» **TASK DIRECTIONS**: For this exercise, restate word for word only the lines from the first line of the data to the line containing "mentők, mentők, ukrán, újraélesztés".

» **EXTRACTED RECORDS**:
┄┄┄┄┄┄┄┄┄┄┄┄┄┄┄┄┄┄┄┄

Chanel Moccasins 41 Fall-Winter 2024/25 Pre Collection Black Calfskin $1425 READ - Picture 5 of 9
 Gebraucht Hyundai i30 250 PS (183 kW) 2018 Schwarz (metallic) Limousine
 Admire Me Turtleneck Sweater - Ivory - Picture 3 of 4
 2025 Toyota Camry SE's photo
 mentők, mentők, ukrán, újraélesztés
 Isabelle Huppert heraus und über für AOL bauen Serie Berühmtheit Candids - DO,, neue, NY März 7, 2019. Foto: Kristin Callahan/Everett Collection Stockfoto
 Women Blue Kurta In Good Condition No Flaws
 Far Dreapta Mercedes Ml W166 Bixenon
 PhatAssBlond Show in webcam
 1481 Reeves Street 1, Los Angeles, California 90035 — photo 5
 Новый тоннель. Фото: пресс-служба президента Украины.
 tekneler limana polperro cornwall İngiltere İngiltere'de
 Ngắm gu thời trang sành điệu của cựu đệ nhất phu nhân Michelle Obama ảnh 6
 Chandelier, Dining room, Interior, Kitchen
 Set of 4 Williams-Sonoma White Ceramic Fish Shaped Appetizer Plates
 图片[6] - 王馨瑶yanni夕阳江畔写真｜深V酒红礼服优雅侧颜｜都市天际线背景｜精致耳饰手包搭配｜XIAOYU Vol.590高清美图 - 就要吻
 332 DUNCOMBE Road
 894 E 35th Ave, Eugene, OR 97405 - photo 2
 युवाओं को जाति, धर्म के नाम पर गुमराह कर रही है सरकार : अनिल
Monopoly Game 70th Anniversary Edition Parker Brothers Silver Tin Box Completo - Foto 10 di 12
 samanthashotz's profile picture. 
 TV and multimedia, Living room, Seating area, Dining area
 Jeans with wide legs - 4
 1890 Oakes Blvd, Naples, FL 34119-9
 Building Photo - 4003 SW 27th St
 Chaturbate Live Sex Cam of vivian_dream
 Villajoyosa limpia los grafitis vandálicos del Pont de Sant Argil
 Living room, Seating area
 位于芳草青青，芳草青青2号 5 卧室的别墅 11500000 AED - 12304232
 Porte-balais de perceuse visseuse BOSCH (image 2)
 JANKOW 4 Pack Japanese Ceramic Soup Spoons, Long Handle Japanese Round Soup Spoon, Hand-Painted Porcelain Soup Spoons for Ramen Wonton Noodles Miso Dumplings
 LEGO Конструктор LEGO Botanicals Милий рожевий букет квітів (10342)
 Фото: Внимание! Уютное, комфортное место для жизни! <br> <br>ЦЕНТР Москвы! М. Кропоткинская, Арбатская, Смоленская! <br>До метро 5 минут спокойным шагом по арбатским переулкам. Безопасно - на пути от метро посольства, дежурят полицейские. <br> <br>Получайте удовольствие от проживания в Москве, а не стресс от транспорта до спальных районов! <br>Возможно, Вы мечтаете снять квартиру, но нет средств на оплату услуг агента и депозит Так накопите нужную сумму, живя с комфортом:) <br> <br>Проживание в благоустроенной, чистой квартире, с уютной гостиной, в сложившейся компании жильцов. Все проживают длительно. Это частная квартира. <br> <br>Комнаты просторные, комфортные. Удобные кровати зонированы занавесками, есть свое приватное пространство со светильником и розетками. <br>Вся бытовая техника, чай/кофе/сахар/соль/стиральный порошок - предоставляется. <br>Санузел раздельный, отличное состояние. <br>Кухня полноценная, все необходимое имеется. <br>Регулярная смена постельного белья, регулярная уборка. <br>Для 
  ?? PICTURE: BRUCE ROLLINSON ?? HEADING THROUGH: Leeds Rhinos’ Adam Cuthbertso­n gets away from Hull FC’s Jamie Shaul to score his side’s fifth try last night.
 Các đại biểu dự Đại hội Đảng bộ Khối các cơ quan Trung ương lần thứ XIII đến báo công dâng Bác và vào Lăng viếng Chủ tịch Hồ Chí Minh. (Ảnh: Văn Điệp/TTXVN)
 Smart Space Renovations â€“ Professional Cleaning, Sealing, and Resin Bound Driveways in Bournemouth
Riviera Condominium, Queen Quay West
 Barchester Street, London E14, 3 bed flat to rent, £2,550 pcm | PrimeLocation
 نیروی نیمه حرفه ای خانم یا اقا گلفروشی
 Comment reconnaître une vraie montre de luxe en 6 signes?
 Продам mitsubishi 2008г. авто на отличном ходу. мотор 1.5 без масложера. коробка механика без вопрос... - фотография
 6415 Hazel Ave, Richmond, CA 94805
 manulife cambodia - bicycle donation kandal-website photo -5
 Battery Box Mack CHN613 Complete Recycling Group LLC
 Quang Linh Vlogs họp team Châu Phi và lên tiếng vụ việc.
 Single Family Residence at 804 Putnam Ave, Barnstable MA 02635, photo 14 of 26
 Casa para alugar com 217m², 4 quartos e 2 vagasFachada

┄┄┄┄┄┄┄┄┄┄┄┄┄┄┄┄┄┄┄┄

» **SOLUTION FOR THIS TASK**:
Chanel Moccasins 41 Fall-Winter 2024/25 Pre Collection Black Calfskin $1425 READ - Picture 5 of 9
 Gebraucht Hyundai i30 250 PS (183 kW) 2018 Schwarz (metallic) Limousine
 Admire Me Turtleneck Sweater - Ivory - Picture 3 of 4
 2025 Toyota Camry SE's photo
 mentők, mentők, ukrán, újraélesztés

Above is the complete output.